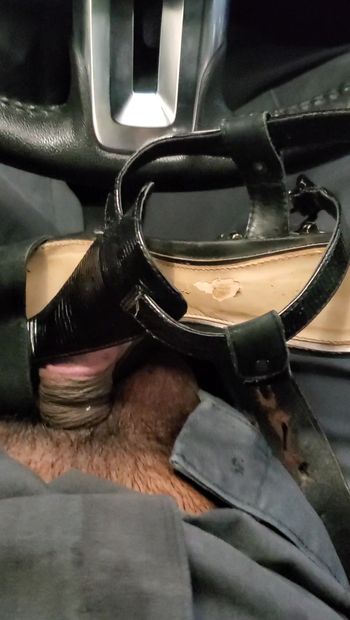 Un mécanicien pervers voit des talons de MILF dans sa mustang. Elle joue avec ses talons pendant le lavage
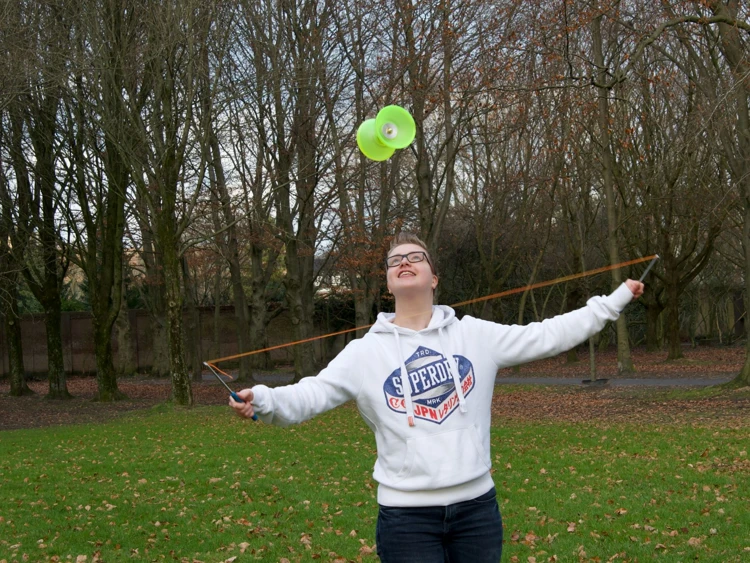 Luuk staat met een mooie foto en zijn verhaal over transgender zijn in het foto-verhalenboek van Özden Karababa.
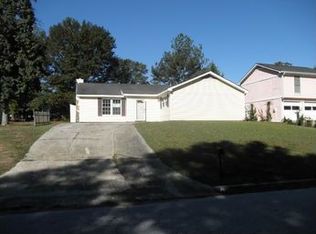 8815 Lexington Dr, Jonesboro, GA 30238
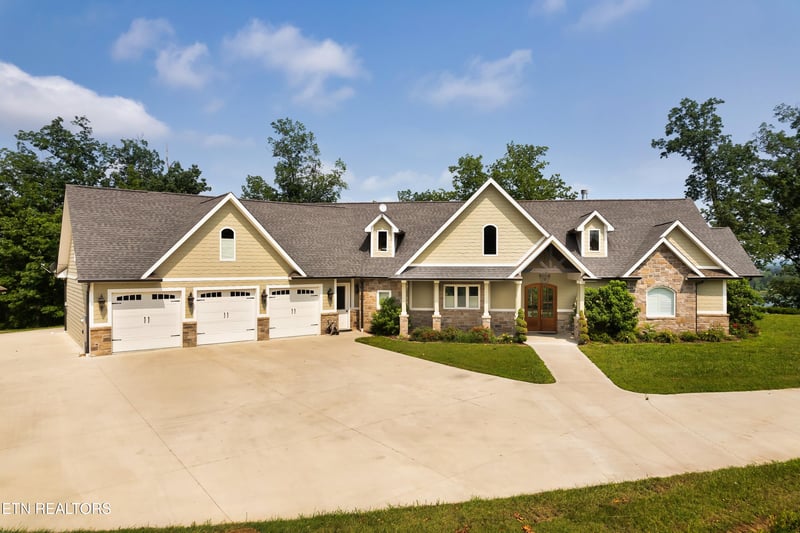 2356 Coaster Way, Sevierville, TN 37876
::::
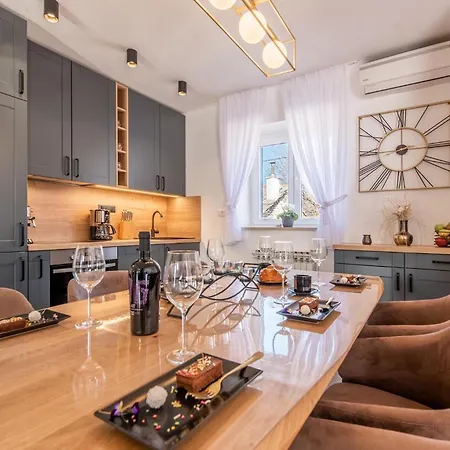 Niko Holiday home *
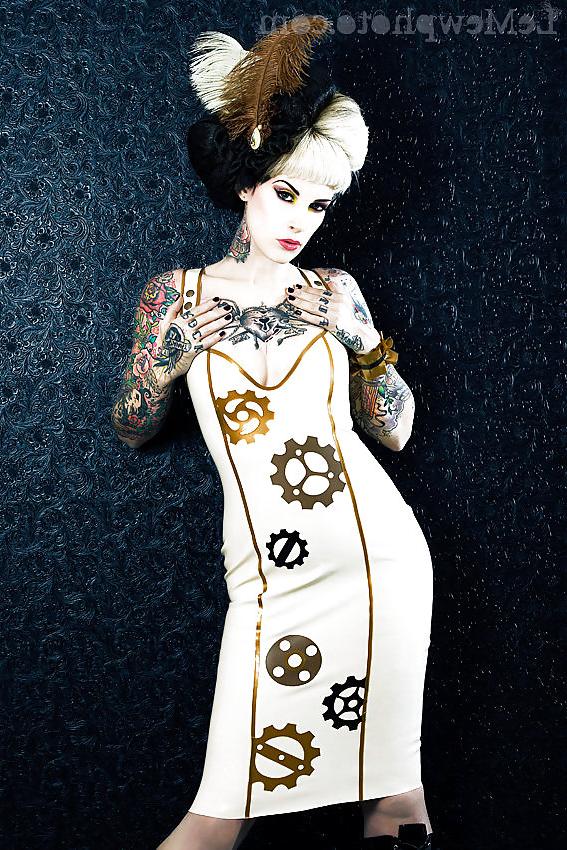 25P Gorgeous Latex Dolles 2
::::
■ WHAT NEEDS TO BE DONE
Return only the stretch above from the line containing "8815 Lexington Dr, Jonesboro, GA 30238" through the line containing "2356 Coaster Way, Sevierville, TN 37876", word for word and without pictures.

■ SOLVED PROBLEM
 8815 Lexington Dr, Jonesboro, GA 30238
 2356 Coaster Way, Sevierville, TN 37876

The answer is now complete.